Department of Radiology and Research Institute of Radiological Science and Center for Clinical Imaging Data Science, Yonsei University College of Medicine, 50-1 Yonsei-ro, Seodaemun-gu, Seoul, 03722, Korea.
Research and Analysis Team, National Health Insurance Service Ilsan Hospital, Goyang, Korea.
Neuroradiology. 2021 Mar;63(3):343-352. doi: 10.1007/s00234-020-02529-2. Epub 2020 Aug 21.
To assess whether the radiomic features of diffusion tensor imaging (DTI) and conventional postcontrast T1-weighted (T1C) images can differentiate the epidermal growth factor receptor (EGFR) mutation status in brain metastases from non-small cell lung cancer (NSCLC).
A total of 99 brain metastases in 51 patients who underwent surgery or biopsy with underlying NSCLC and known EGFR mutation statuses (57 from EGFR wild type, 42 from EGFR mutant) were allocated to the training (57 lesions in 31 patients) and test (42 lesions in 20 patients) sets. Radiomic features (n = 526) were extracted from preoperative MR images including T1C and DTI. Radiomics classifiers were constructed by combinations of five feature selectors and four machine learning algorithms. The trained classifiers were validated on the test set, and the classifier performance was assessed by determining the area under the curve (AUC).
EGFR mutation status showed an overall discordance rate of 12% between the primary tumors and corresponding brain metastases. The best performing classifier was a combination of the tree-based feature selection and linear discriminant algorithm and 5 features were selected (1 from ADC, 2 from fractional anisotropy, and 2 from T1C images), resulting in an AUC, accuracy, sensitivity, and specificity of 0.73, 78.6%, 81.3%, and 76.9% in the test set, respectively.
Radiomics classifiers integrating multiparametric MRI parameters may have potential in differentiating the EGFR mutation status in brain metastases from NSCLC.
评估扩散张量成像(DTI)和常规对比后 T1 加权(T1C)图像的放射组学特征是否可以区分非小细胞肺癌(NSCLC)脑转移中表皮生长因子受体(EGFR)突变状态。

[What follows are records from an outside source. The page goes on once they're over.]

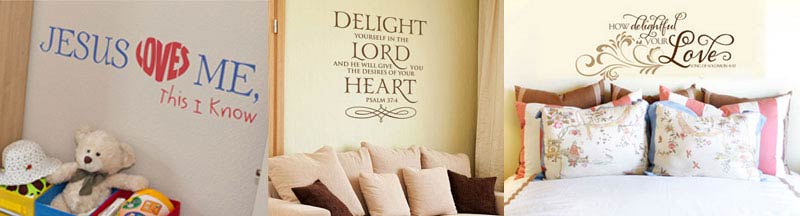 gallery_collage-scripture Scripture wall lettering from Wise Decor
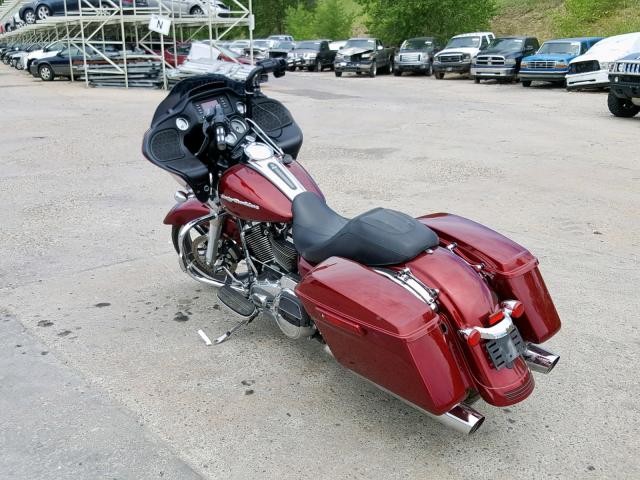 1HD1KHC17HB680950 - 2017 HARLEY-DAVIDSON FLTRX ROAD MAROON photo 3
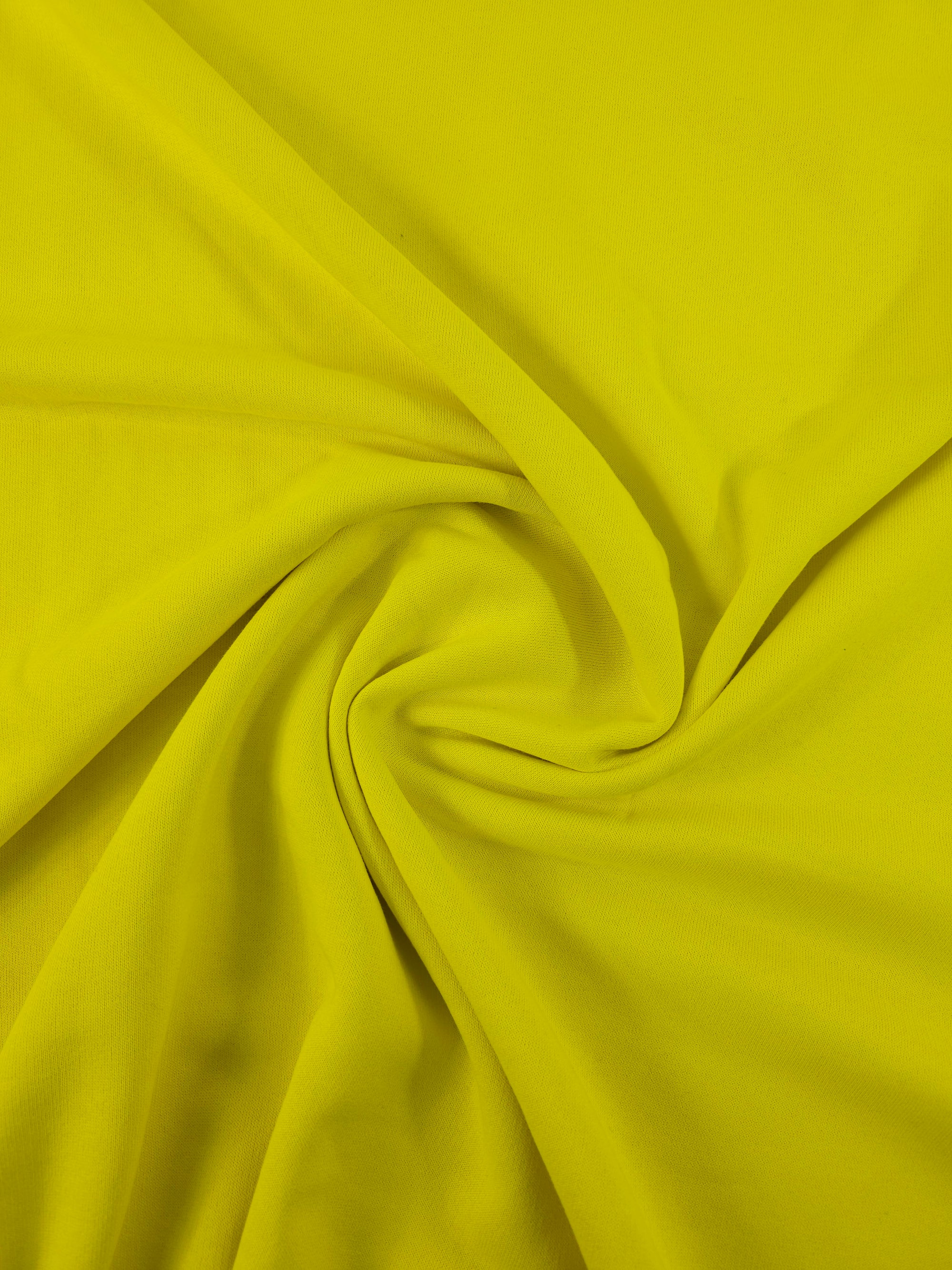 Yellow Fleece Backed Terry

共纳入 51 例经手术或活检证实为 NSCLC 且 EGFR 突变状态已知(57 例 EGFR 野生型,42 例 EGFR 突变型)的脑转移患者的 99 个脑转移灶,将其分为训练集(31 例患者的 57 个病灶)和测试集(20 例患者的 42 个病灶)。从术前 MRI 图像(包括 T1C 和 DTI)中提取放射组学特征(n=526)。通过五种特征选择器和四种机器学习算法的组合构建放射组学分类器。在测试集上验证训练好的分类器,并通过确定曲线下面积(AUC)来评估分类器的性能。
原发性肿瘤和相应脑转移灶的 EGFR 突变状态总体不一致率为 12%。表现最佳的分类器是基于树的特征选择和线性判别算法的组合,选择了 5 个特征(1 个来自 ADC,2 个来自各向异性分数,2 个来自 T1C 图像),在测试集上的 AUC、准确率、敏感度和特异度分别为 0.73、78.6%、81.3%和 76.9%。
整合多参数 MRI 参数的放射组学分类器可能具有区分 NSCLC 脑转移中 EGFR 突变状态的潜力。